Fiiiiiive stars? Yeah, okay. This is partly because… I just want more people to pay attention to this book, and this writer. Please.

I will also say this right off the bat, to get a few people's attention, which is, RIYL: Lynda Barry. These girls, they are Lynda Barry's spiritual children, they are full-flesh neighbors of Arna and Marlys and everyone. Wrong and awkward and hurting and mistaken, and silly. Carrying on with their stuff while the hard and dark world of the adults goes on indoors. And dogs.

The thing is, in this book, nothing… happens? It isn't about action but feeling. It really is just about 14-year-old girls, one in particular, whose name is Jo (like the author), though no one calls her this. She's just our narrator, and we're in her head, floating on the fluff that is having a best friend to think everything up with and ignore everything bad with. They live in a grubby Illinois town in the 1970s, and don't have much to go on, and there are some serious family problems. But the magic of the book is in the very real depiction of the weird netherworld that children inhabit underneath, or above, their family problems. They have to endure them, and they are stressed by them, but also they are still children, wanting children things. Playing with toy soldiers in their room, getting emotionally invested in the clothes they want to buy off layaway with babysitting money. All of it genuine, all of it top priority.

About a third of the way through, there is a turn. So far we've been mostly talking about babysitting and shopping, and melting down into an emotional mess at the approach of a boy's potential glance. And then, Jo finds something in her house that she does not expect to see, and suddenly the book opens a new door in her mind through which we learn some new things that she had not been saying before, a lot of them. The darkish tone of teenagerdom that we've been coasting along with suddenly chills your gut.

What she sees means that something very bad may have happened, which — in perhaps the most realistic thing I've seen in YA book in a while — she cannot bring herself to deal with, and so goes about with her evening, just helping to make dinner, avoiding the closet in the basement, while she thinks of a way for the thing to not be true. That feeling (and the suspense) is one of the most horrifying and emotional that I've experienced as a reader in ages. And it highlights what makes the meandering of this book so much stronger in its realism than anything more tightly plotted would be — give this situation to almost any other strong-and-sassy YA heroine out there, and they would have opened the closet door on the first try. But Jo can't, she can't make it belong to her, she won't do it until her mother makes her.

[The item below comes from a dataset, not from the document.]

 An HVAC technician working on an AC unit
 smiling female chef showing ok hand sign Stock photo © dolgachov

I read the rest of the book in a fearful daze. It felt like the ring of a really loud bell that gets whacked with a mallet, like when something hits you in the head and you feel like you're ringing. Devastation could be lurking in anything, lurking behind every boy or every weird dark field they wander through, or amongst the cheerleaders who emerge two-thirds of the way to hold a slumber party of doom. (The award for People Most Unprepared to Be Invited to a Cheerleader's Slumber Party goes to our main characters. The candidates are running unopposed.)

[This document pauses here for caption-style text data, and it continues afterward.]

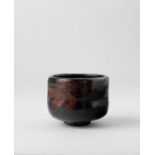 A JAPANESE BLACK RAKU CHAWAN (TEA BOWL) EDO PERIOD, 18TH-19TH CENTURY The U-shaped bowl raised on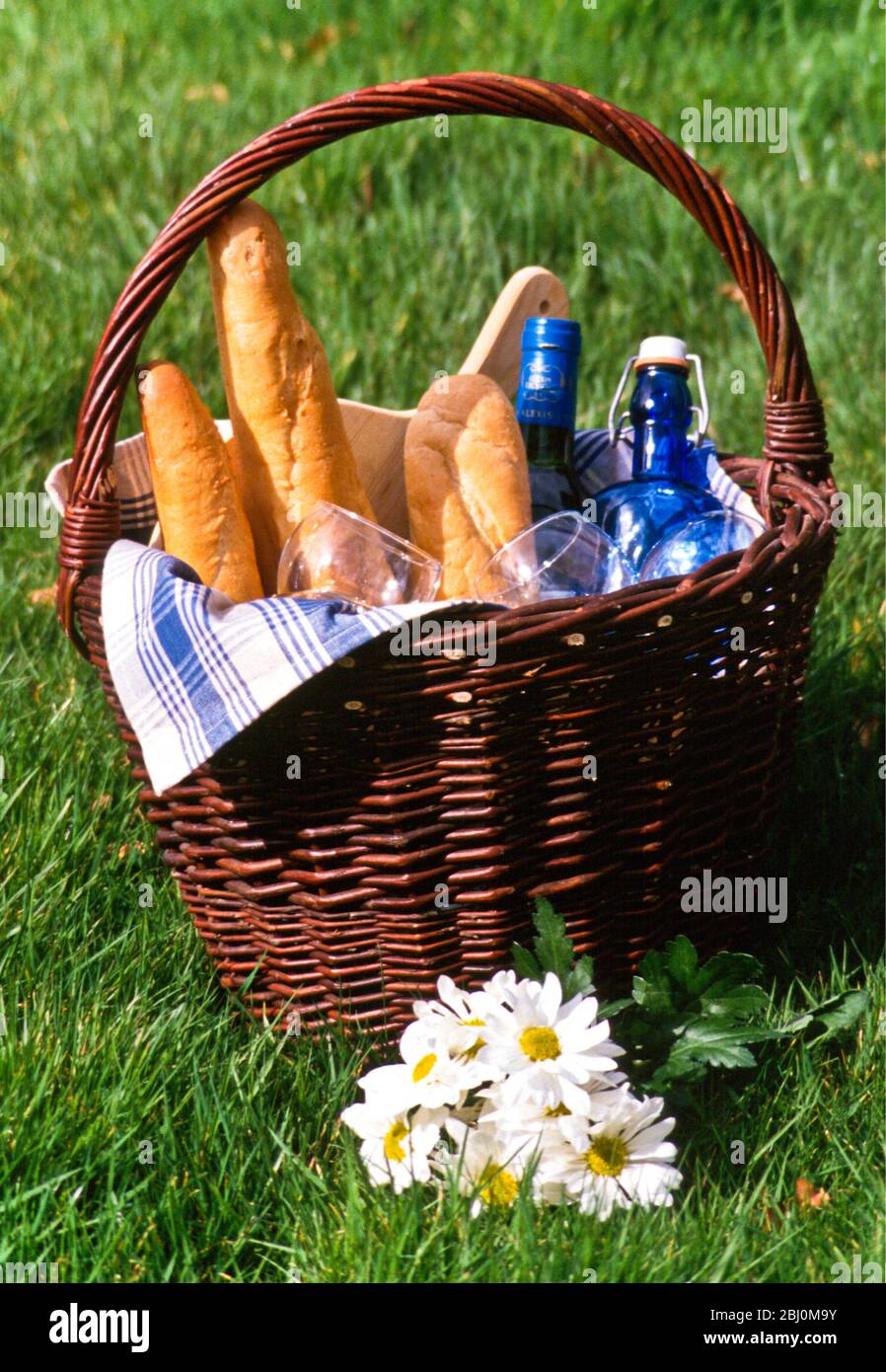 Picnic basket with french bread, glasses and bottles sitting on grass with bunch of daisies - Stock Photo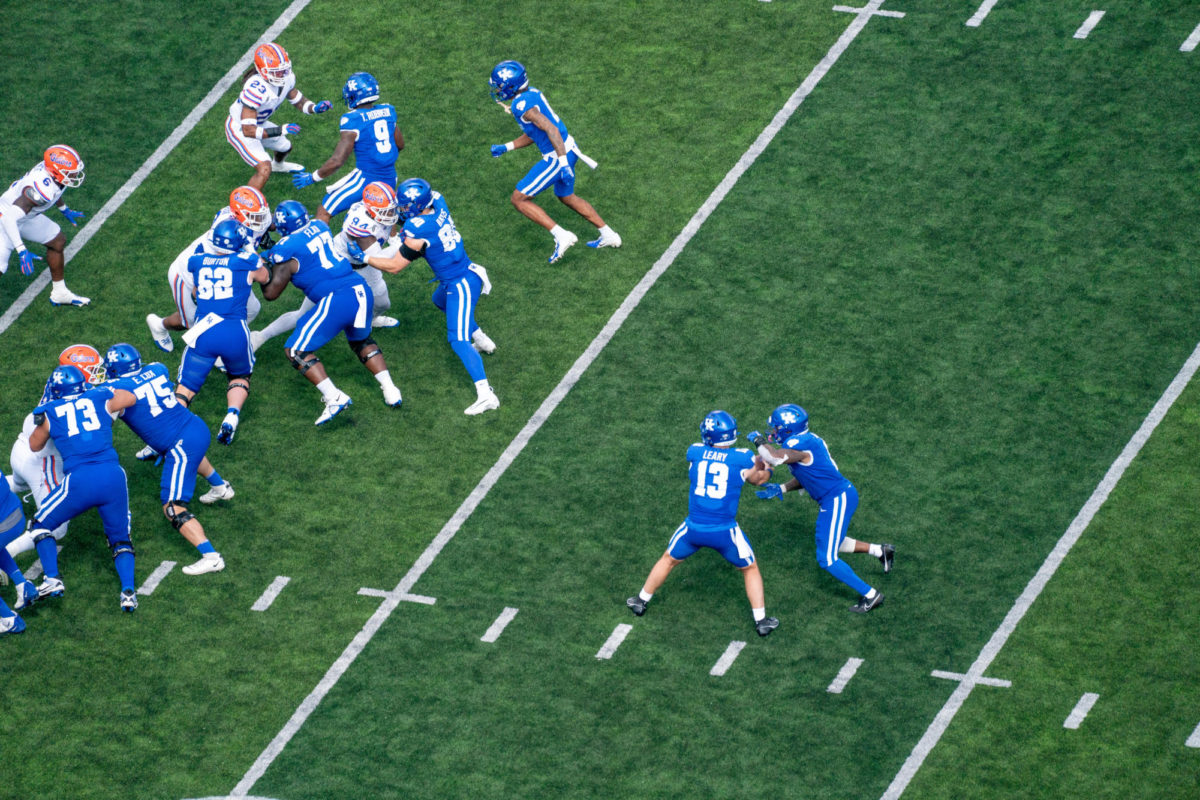 Kentucky quarterback Devin Leary hands off the ball to a running back during the Kentucky vs. Florida football game on Saturday, Sept. 30, 2023, at Kroger Field in Lexington, Kentucky. Kentucky won 33-14. Photo by Savanna Emrick | Staff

I now need to read everything Jo Ann Beard has ever written, and I'll try. I can't believe she has published so little, conventionally at least, that I can go buy or check out from a library. This book is fascinating as a transitional work, the memoir-as-fiction, which is a type that can be either dubious or revelatory (more echoes of Lynda Barry). It's her first novel, let alone her first YA work, so this is a hopeful adventure. Extremely.